Kind of. As the name implies, a fenceline is a tactic to keep a neighboring municipality from encroaching on territory it wants to expand onto in the future. However, there’s a process for the affected property owners to force the city to move the fenceline so that they can get annexed by a different municipality, something that a national government would hardly conceive of.

Another difference is that a fenceline has a definite shape and size, whereas precise whereabouts of each corner of each dash of the Nine-Dash Line are essentially unknowable. (That said, the PRC’s Ministry of Natural Resources does require a particular line width and dash length at several scales as a condition for approving any map.)

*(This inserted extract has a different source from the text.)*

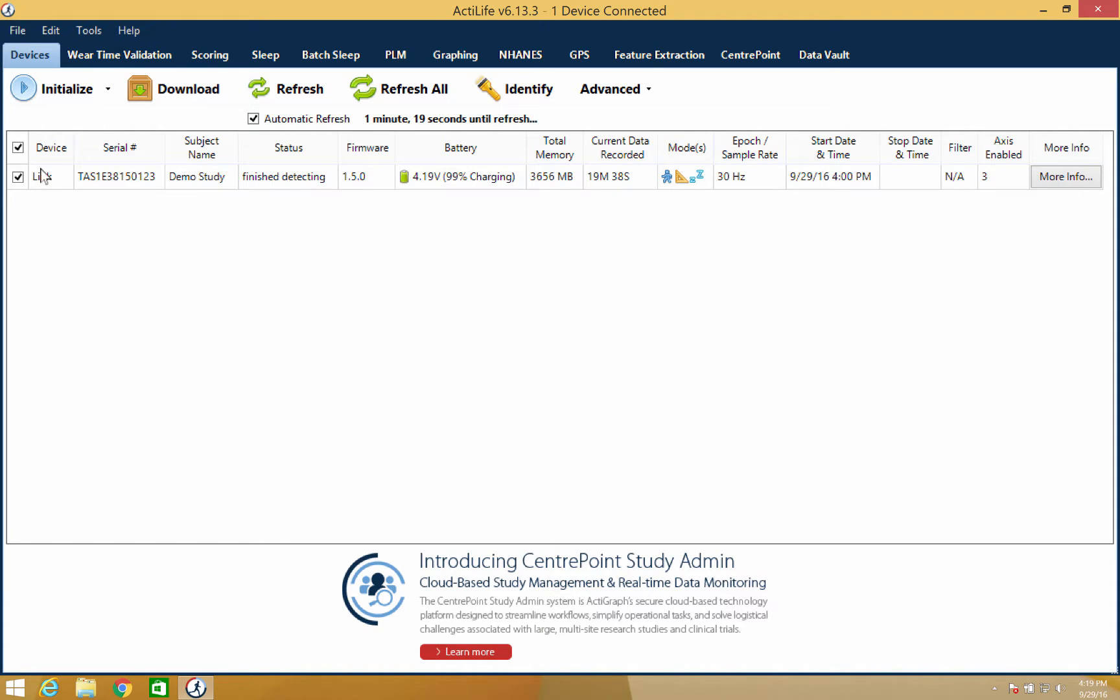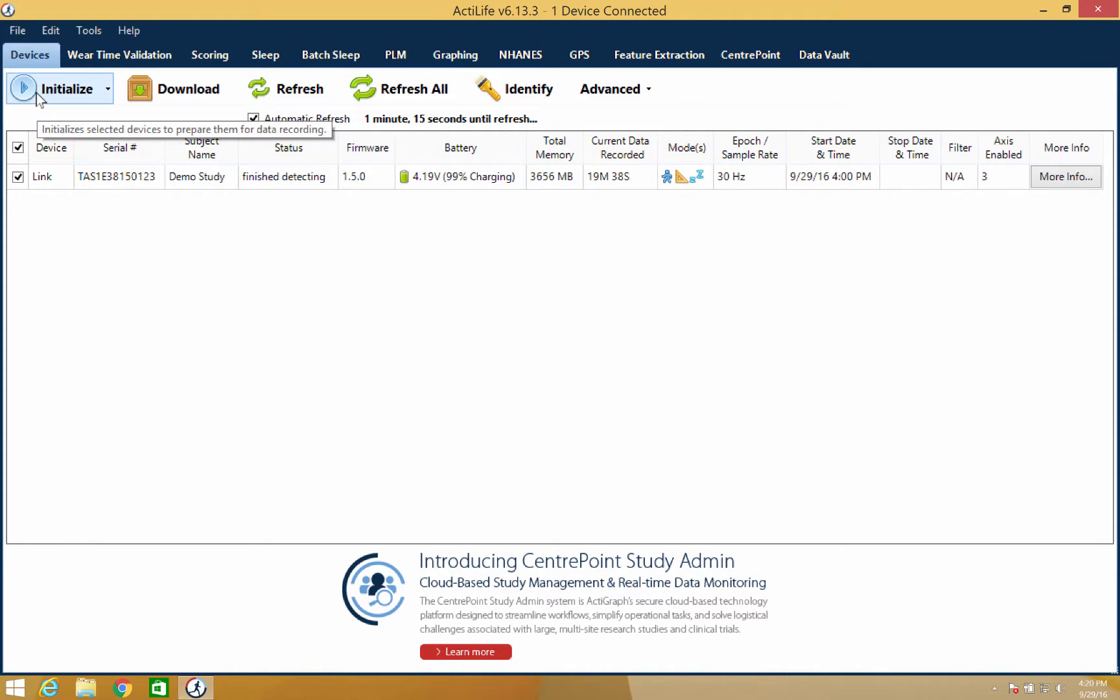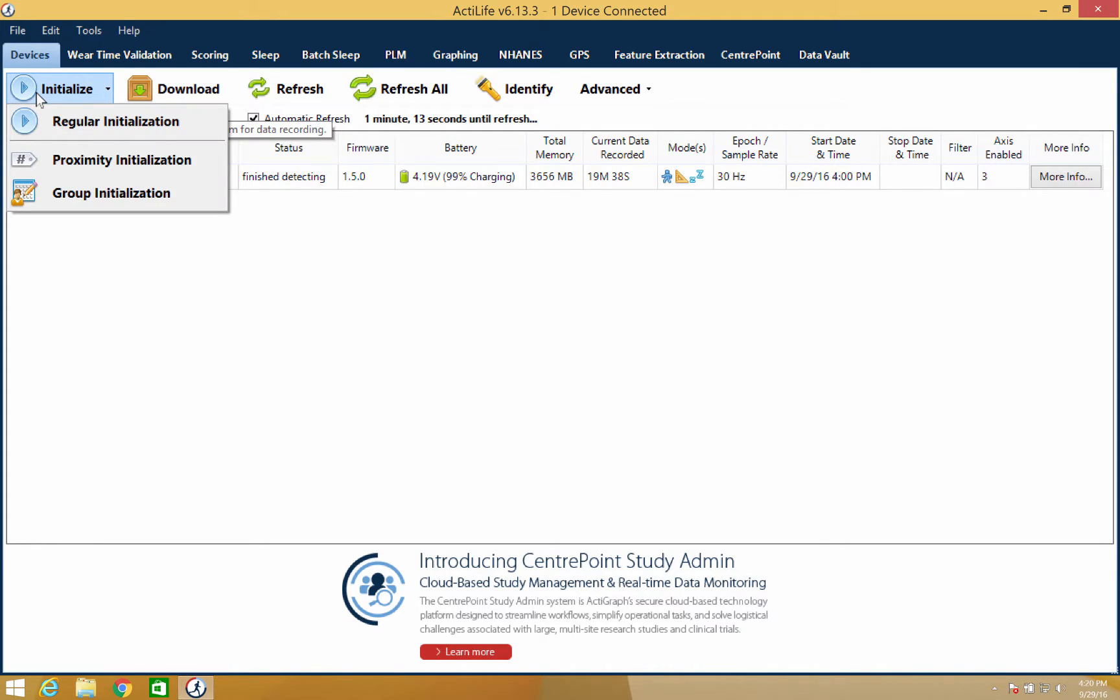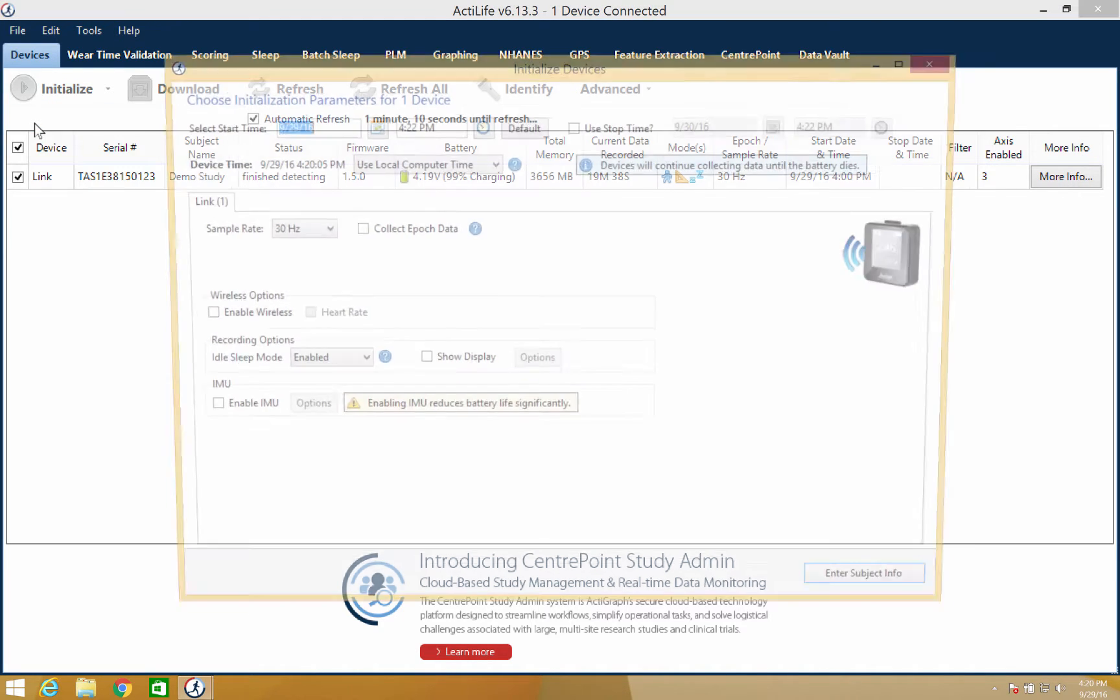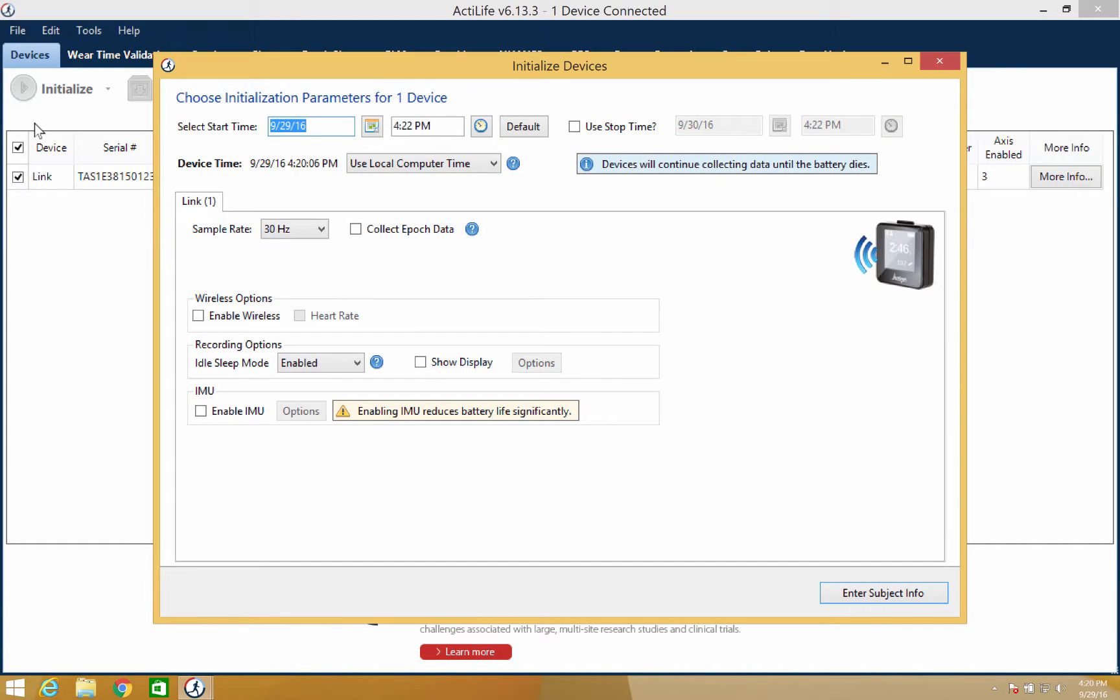Making sure the checkbox next to the device is selected, click the initialization button and then select regular initialization. This will open the initialization floating window and we can now set our data collection parameters.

Creative annexations aren’t unique to Oklahoma. Some California cities, such as San José where I live, were once notorious for intentionally spreading “tentacles” across the countryside to block neighboring cities from growing, until the state reined in such abuses. Now the focus is on filling in the “islands”, of which only a dozen or so remain.

@revent noticed that Gilbert, Arizona, did something similar to a fenceline in the 1970s, leading Arizona to ban the practice. He has also encountered some incredibly fragmented municipal boundaries throughout Alabama as he redrew them based on legal descriptions. For example, Hayden gained hundreds of exclaves that TIGER erroneously omitted.

So be careful what you wish for: cleaning up an import might well make boundaries even weirder.